Pour les énergies fossiles, l'étau se resserre. Crise du gaz, prix du carburant, urgence climatique… autant de facteurs qui ont accéléré le calendrier de la transition énergétique. En France, le plan d'investissement de 30 milliards présenté par Emmanuel Macron sera en grande partie redirigé vers cette thématique, tandis que le récent rapport sur l'énergie de RTE a conforté le choix du nucléaire en soutien aux énergies renouvelables.

Le temps presse car le pétrole, s'il continuera d'être massivement utilisé dans les dix prochaines années, va mécaniquement se raréfier, faute de nouveaux investissements. Si l'or noir n'a plus la cote, l'extraction de métaux a, elle, de très beaux jours devant elle.

"On est en train de passer de l'ère du pétrole à l'ère des métaux", résume sur BFM Business Christel Bories, PDG du géant minier français Eramet. "La demande va exploser d'ici 2030. On estime que sur certains métaux comme le cuivre, on va plus extraire sur les 30 prochaines années qu'on a extrait depuis le début de l'humanité."

La Chine accapare les terres rares

Le cuivre mais aussi le cobalt ou le lithium, et une multitude d'éléments que seuls les adeptes du tableau de Mendeleïev connaissent: niobium, gallium, indium… Sans oublier les fameuses terres rares, ce groupe de métaux (pas si rares, en réalité) qui joueront un rôle pivot dans les prochaines années.

Tous ont une utilité, plus ou moins importante, dans la transition énergétique pour les batteries (lithium, nickel, cuivre…), les panneaux photovoltaïques (silicium, gallium, indium…) ou les éoliennes (néodyme, dysprosium…).

Alors que le monde entier a entamé sa conversion écologique à marche forcée, l'approvisionnement e métaux devient crucial, surtout pour l'Europe où la plupart des mines sont désormais fermées. Au contraire, la Chine a su cannibaliser le marché des terres rares: en 2018, elle représentait 88% de la production mondiale, aux prix de dégâts environnementaux inimaginables sur le continent européen.

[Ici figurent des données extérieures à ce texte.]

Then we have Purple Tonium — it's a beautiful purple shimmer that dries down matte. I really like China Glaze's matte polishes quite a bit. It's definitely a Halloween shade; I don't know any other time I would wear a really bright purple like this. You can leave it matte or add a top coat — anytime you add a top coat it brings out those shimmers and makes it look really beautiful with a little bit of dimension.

Les métaux communs se trouvent aussi à l'étranger notamment dans la cordillère des Andes pour le cuivre et le lithium. Le Chili sera ainsi un des pays pivots de ces productions stratégiques. Côté nucléaire, l'uranium français vient du Niger et le thorium, présenté comme le combustible nucléaire du futur, est majoritairement extrait en Chine. L'Europe n'a finalement pas grand-chose à prétendre même si la France exploite du hafnium, utilisé dans ses réacteurs.

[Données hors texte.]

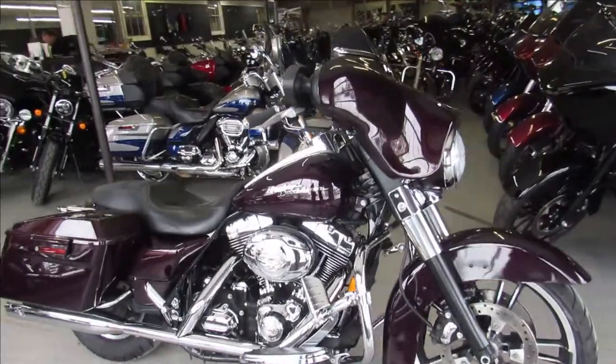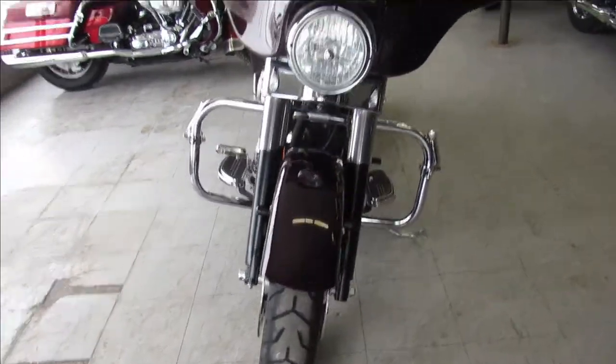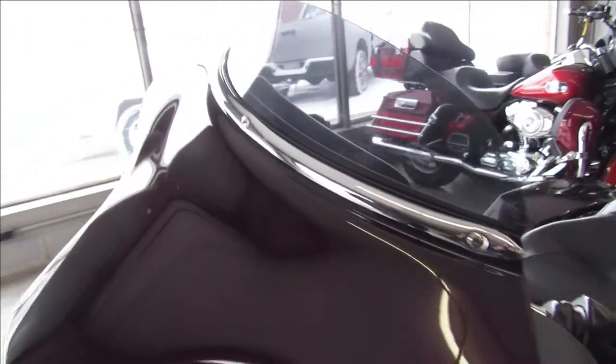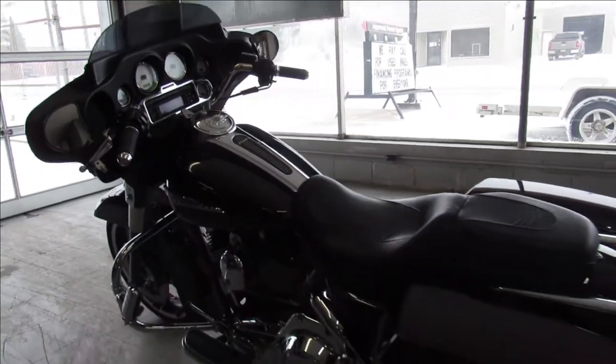Hey guys, ApprovalPowerSports.com here doing a video on another Street Glide. We've got about 50 pre-owned Street Glides in the showroom right now. This one's a 2007, comes in the black cherry paint, it's a nice clean Street Glide with tons of chrome. It's got an RC exhaust, just serviced at the dealership, and it's a great deal for the money here guys.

L'Europe cherche ses solutions

En réalité, l'Europe risque de faire face aux mêmes problèmes de dépendance mondiale constatés lors de la crise sanitaire. L'année dernière, la Commission a entériné la création d'une Alliance européenne des matières premières, censée "connecter les acteurs industriels, les États membres et la société civile" pour renforcer l'autonomie stratégique de l'UE.

Mais les marges de manœuvre sont limitées. Le principal levier est le recyclage et l'amélioration des technologies pour réduire la quantité de métaux utilisées. Surtout, l'Europe compte sur ses entreprises pour sécuriser cet approvisionnement. "Nous avons des projets de recentrage vers les métaux de la transition énergétique" confirme Christel Bories. "Les projets que nous avons en cours de développement pourraient représenter entre 15 et 25% des besoins de l'Europe à l'horizon 2025 – 2030."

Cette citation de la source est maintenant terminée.